Challenge Overview
Challenge Objectives
-
Creating Content Scraper CLI script that scrapes the web content for predefined pages, with performance (runtime) being the priority.
Technology Stack
Possible Tech Stack - please feel free to pick any other stack, if that helps meet the objectives:
-
Selenium
-
Puppeteer
-
PhantomJS
-
BeautifulSoup
Code access
We’re starting a new codebase - you create the project structure on your own
Individual requirements
The main goal for this challenge is to create a CLI script that performs 3 steps (no input parameters):
-
Navigate to products listing page (URL available in the forums), load all the products, and for each one extract product name, product id, product URL. Log the time taken to do the extraction
-
Navigate to each product URL and again extract the same attributes (product name, id, price). Log the total time taken to do the extraction. If URL redirects to other page, skip extract for the product and continue with next product.
-
Export the data from steps 1&2 to two Excel sheets (“Product listing” and “Products”)- both will have the same columns (product name, id, price, URL)

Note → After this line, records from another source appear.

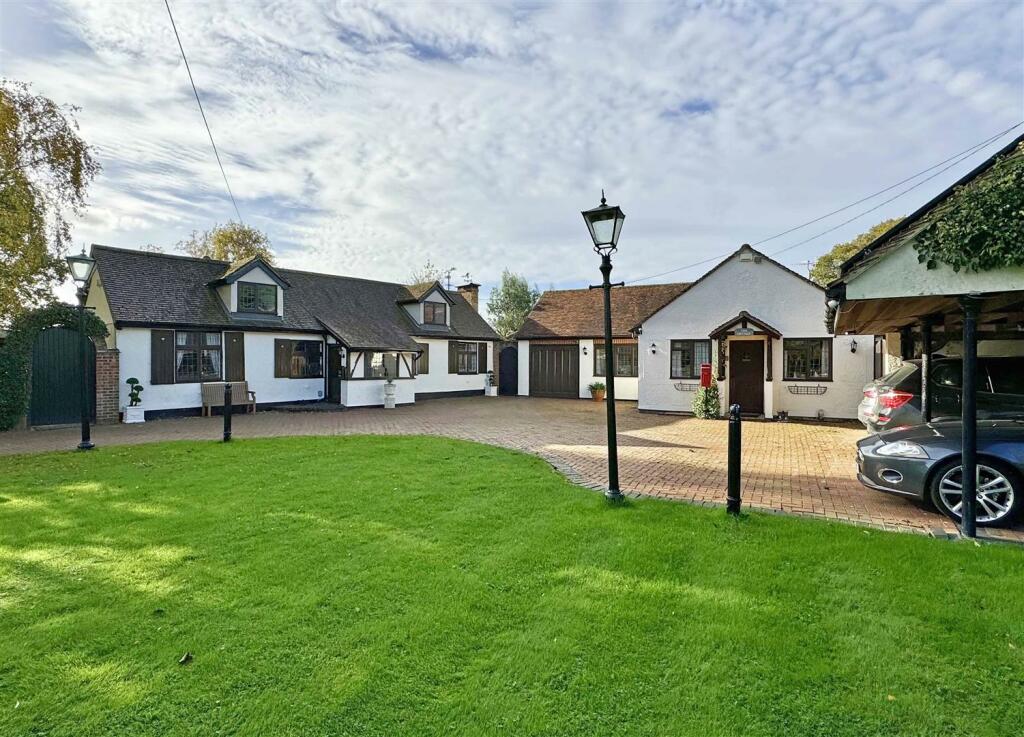 Additional property image - Gransmore Green, Felsted, Dunmow
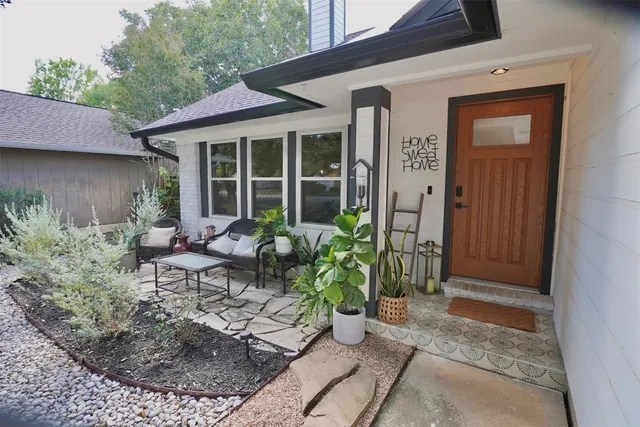 $415,000 | 2106 Bluebonnet Drive, Round Rock, TX 78664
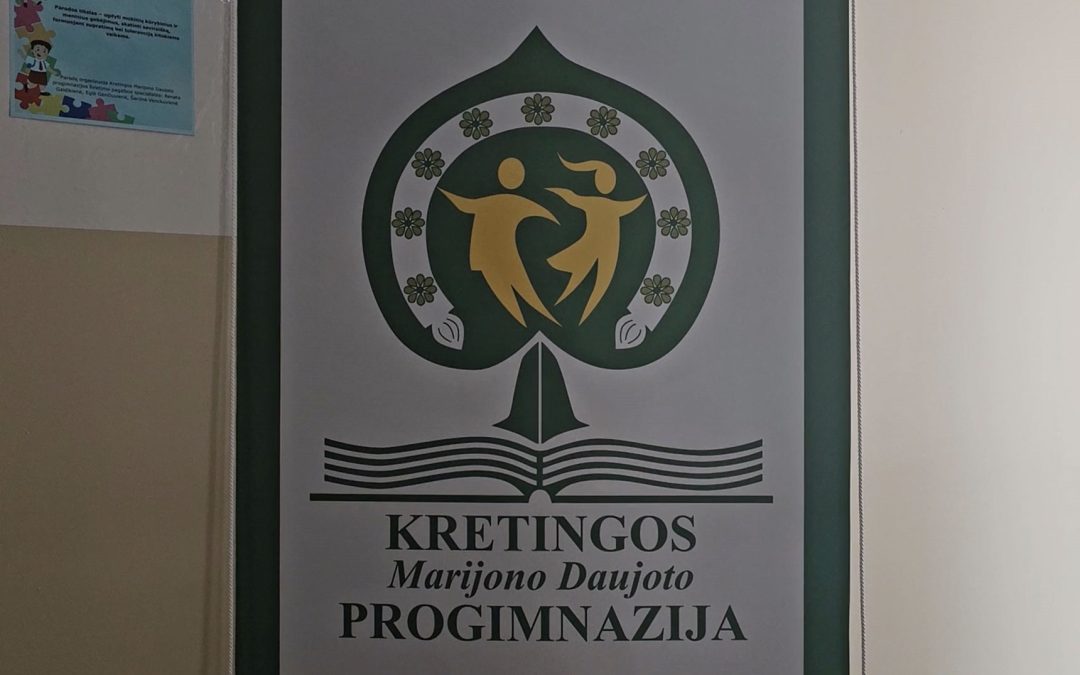Kūrybinių darbų paroda ,,Visi vienam kely“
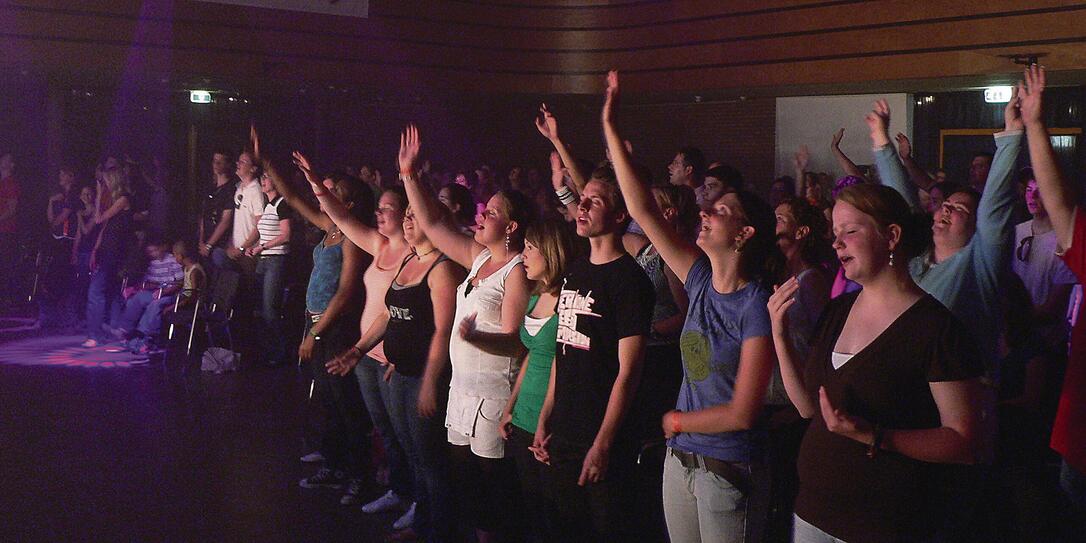 Worship and dance performane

We already have a script that uses Selenium and Jsoup to perform the above actions and the total runtime is about 5 minutes for ~200 products - the goal in this challenge is to create a script that does the same in a shorter amount of time. It is up to you to pick the technology stack (as long as you provide a CLI script) - OS platform, programming language is up to you - only open source libraries/apis are allowed. You can try scraping in parallel, cache assets, execute Javascript (or not execute it)
What To Submit
-
All source code
-
Deployment guide
-
Verification guide along with total runtime info achieved in your testing
Scoring Methodology
Scoring will be based on code review and the achieved performance.